Grounded teenager Jessie Campanelli just wants to be left alone that fateful afternoon. Wanting a break from her younger brother Paul, Jessie dares him to spend thirty minutes in the neighborhood haunted house and tells him to bring friends along so he has proof. It seems like a perfect plan; brother stays away, and brother can’t tell on her because he’s not supposed to go anywhere near the abandoned McIntyre home. Only Paul doesn’t come home and his friend loses and arm. Shortly after, the home claims her father, and Jessie soon discovers the house is hungry. Over her teens and into her adulthood, Jessie collects the stories of those who went into the house and never came out. When the house proves that it isn’t done with her, or her young son, Jessie has to return to the place that ruined her life.

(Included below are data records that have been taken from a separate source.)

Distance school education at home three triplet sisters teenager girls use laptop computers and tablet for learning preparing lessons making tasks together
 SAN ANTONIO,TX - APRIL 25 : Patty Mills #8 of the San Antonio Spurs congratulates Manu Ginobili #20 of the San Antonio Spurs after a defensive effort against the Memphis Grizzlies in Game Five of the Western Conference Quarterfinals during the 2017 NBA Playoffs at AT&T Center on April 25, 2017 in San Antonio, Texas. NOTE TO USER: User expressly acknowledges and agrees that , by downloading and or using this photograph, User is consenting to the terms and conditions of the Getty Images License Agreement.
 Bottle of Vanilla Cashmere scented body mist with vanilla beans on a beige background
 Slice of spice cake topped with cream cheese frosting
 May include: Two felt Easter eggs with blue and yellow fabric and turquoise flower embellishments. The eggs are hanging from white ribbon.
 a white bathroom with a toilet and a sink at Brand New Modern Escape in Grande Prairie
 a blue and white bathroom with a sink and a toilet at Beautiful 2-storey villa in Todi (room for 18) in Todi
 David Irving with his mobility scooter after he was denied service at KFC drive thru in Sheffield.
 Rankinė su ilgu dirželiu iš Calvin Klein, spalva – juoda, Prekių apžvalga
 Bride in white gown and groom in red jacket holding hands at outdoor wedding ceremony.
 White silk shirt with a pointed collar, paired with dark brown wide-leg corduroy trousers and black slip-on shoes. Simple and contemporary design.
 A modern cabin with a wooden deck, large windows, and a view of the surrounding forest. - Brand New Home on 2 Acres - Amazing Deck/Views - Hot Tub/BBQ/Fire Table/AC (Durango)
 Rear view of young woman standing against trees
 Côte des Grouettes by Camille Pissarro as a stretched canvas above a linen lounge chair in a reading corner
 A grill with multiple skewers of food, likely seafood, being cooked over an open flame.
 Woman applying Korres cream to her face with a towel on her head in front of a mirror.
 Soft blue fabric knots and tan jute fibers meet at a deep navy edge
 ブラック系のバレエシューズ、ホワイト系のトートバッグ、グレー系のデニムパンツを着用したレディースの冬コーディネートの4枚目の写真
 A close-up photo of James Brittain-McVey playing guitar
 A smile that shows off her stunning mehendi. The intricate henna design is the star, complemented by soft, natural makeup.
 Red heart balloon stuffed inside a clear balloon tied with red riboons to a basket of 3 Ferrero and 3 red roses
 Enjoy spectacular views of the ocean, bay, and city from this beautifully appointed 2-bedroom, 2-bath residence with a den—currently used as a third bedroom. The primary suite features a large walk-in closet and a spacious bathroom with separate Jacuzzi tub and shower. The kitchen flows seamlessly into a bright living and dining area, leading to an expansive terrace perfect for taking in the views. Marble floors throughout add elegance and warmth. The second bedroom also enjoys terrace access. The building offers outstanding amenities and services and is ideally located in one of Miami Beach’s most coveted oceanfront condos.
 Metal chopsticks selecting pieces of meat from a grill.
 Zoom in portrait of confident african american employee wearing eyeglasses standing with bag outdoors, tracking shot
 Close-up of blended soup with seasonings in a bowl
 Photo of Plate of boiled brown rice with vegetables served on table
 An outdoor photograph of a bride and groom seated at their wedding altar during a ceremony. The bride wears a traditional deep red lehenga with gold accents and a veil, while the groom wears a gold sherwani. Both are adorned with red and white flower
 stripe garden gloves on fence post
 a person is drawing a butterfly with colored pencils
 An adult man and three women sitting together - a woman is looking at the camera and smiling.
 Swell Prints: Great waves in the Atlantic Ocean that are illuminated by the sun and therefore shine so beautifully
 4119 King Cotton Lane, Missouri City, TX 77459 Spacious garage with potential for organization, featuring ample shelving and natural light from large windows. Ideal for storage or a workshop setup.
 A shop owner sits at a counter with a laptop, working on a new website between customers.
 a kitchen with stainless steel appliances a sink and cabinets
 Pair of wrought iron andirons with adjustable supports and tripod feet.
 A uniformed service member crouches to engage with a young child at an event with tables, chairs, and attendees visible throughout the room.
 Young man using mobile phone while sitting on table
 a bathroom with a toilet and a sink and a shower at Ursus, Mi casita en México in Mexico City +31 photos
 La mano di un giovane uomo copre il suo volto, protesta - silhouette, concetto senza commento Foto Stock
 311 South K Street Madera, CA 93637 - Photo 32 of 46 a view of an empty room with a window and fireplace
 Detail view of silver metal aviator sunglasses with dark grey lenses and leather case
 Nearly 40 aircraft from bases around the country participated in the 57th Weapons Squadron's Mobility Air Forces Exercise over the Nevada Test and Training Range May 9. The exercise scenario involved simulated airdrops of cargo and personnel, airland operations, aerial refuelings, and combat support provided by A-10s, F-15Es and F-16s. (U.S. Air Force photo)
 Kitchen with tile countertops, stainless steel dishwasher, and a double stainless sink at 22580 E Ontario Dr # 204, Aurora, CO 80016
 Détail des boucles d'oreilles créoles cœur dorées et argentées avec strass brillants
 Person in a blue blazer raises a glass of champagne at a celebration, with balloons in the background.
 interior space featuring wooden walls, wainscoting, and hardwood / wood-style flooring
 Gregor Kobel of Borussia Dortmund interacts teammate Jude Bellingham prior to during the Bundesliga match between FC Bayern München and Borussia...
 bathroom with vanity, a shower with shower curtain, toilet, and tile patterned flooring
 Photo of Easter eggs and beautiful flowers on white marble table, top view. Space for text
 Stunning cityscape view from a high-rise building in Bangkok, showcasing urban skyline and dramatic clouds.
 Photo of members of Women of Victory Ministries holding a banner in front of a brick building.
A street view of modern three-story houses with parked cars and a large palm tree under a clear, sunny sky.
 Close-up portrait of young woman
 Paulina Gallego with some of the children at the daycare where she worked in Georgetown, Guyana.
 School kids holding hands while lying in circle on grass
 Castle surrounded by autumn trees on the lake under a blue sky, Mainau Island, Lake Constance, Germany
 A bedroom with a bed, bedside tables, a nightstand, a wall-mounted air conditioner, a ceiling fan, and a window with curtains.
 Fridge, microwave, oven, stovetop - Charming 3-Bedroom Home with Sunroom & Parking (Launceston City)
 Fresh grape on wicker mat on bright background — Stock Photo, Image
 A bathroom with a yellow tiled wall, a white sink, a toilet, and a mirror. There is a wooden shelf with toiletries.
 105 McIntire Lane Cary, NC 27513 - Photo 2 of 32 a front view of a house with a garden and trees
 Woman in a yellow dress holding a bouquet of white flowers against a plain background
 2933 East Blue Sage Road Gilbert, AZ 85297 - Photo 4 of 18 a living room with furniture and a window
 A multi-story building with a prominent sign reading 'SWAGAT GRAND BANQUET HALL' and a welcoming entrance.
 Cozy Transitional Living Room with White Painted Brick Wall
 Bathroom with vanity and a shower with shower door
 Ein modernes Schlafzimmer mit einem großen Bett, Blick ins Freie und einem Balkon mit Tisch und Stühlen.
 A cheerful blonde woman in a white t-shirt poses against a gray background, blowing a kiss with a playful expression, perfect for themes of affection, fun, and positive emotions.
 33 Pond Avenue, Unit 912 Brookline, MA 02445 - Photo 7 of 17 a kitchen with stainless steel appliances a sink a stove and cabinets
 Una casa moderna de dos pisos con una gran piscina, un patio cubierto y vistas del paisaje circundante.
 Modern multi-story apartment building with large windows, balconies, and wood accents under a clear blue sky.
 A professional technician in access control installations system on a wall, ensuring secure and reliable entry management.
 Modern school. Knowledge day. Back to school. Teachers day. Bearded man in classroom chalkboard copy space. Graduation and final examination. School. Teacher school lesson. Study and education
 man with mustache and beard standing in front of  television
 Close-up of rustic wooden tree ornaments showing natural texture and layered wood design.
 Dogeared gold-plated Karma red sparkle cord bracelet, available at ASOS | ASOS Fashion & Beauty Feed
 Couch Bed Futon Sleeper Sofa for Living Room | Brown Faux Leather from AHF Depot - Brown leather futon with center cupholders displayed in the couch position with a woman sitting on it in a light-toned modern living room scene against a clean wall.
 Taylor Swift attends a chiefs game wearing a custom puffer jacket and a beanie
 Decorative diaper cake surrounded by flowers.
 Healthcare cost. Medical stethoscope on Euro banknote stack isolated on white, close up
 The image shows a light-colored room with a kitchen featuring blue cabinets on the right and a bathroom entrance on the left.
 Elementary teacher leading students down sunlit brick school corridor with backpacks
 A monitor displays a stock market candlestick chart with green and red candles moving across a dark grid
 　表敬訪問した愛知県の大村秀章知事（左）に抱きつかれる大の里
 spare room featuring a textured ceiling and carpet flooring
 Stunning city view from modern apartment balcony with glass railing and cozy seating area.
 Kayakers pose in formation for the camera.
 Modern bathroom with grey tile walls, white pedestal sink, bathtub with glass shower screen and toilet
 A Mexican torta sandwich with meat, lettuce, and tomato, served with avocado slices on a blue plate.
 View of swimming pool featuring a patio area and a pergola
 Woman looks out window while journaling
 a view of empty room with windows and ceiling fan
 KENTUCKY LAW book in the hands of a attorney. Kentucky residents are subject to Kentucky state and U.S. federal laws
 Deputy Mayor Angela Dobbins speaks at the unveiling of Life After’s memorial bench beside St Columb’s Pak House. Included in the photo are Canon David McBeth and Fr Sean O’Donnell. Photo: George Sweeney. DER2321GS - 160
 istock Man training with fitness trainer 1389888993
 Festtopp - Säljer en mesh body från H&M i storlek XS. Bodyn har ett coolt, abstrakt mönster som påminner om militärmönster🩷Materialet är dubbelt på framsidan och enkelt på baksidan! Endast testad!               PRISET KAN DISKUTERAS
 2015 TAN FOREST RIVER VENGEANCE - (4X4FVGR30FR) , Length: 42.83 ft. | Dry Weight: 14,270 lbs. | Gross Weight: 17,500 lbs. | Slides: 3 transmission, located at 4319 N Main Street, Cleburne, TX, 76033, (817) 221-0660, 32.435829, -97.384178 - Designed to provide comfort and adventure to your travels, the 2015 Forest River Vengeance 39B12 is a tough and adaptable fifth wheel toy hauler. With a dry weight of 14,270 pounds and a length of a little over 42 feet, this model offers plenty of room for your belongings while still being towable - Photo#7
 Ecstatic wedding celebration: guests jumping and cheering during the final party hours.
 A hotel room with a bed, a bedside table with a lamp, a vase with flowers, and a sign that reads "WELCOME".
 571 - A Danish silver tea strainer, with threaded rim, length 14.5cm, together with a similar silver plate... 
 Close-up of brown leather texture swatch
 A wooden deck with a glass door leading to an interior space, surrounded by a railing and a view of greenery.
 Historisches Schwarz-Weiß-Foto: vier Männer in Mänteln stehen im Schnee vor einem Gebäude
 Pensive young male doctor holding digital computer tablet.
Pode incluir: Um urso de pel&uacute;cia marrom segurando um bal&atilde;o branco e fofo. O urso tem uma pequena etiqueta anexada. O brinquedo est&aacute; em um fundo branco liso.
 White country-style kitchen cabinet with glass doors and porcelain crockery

Told over the cyclical backdrop of families and neighborhood changes, The Place Where They Buried Your Heart, captures the gut wrenching feeling of being haunted by past traumas. Writer Christina Henry does an excellent job capturing the uncomfortable atmosphere of that one place in your neighborhood you know must be evil. The details of the mysterious home feel twisted and fresh, not just another haunted house regurgitation. Jessie’s grief is palatable and feels genuine, pulling the reader closer and closer into the story until the reader to is obsessed with finding out what makes the McIntyre home tick. This book was not only atmospheric, but it also made me burst into tears at one point (not a complaint). It can be really easy to get burned out on haunted house horror, but Christina Henry’s The Place Where They Buried Your Heart is right up there with the greats like The September House by Carissa Orlando. It captures the reader’s attention and holds on.
The Place Where They Buried Your Heart is available from Berkley Publishing Group November 4, 2025.